Sacred Space and Japanese Art at the Spencer Museum of Art
Entry by Pinyan Zhu
This print is one of a set of six that Yoshida Hiroshi produced in 1937 representing scenes of Nikkō Shrine in Tochigi Prefecture. It depicts three pilgrims resting beside one of the shrine buildings. To the left is a flight of stone steps leading up to a torii gate and shrine. A dense and misty forest flanks the shrine, behind which the silhouette of the mountain is dimly visible.
Besides this particular shrine, the set of six prints portrays distinctive buildings and landscapes in the region of the sacred mountain Nikkō. The shrine complex was first built between 1617 and 1619 and was dedicated as the mausoleum to Tokugawa Ieyasu (1542–1616), the founder of the Tokugawa shogunate.

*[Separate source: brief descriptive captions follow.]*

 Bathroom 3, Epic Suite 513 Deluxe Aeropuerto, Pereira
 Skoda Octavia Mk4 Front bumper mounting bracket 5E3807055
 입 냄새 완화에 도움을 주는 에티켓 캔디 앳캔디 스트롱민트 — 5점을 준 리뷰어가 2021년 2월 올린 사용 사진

Twenty years later, the third shogun Tokugawa Iemitsu (1604–1651) had it reconstructed, which produced the shrine complex seen today.

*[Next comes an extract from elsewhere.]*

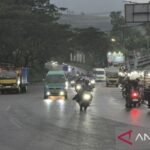 Cuaca di kota-kota besar umumnya berpotensi diguyur hujan pada Rabu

Yoshida created the image of this historic monument with innovative printmaking techniques that show the gradation of multiple layers of color and subtle tonal changes. Unlike earlier artists producing woodblock prints, Yoshida achieved his desired results by being in charge of the entire printmaking process. The characters for “self-made” on the left margin testify to Yoshida’s more direct involvement in the production of this print.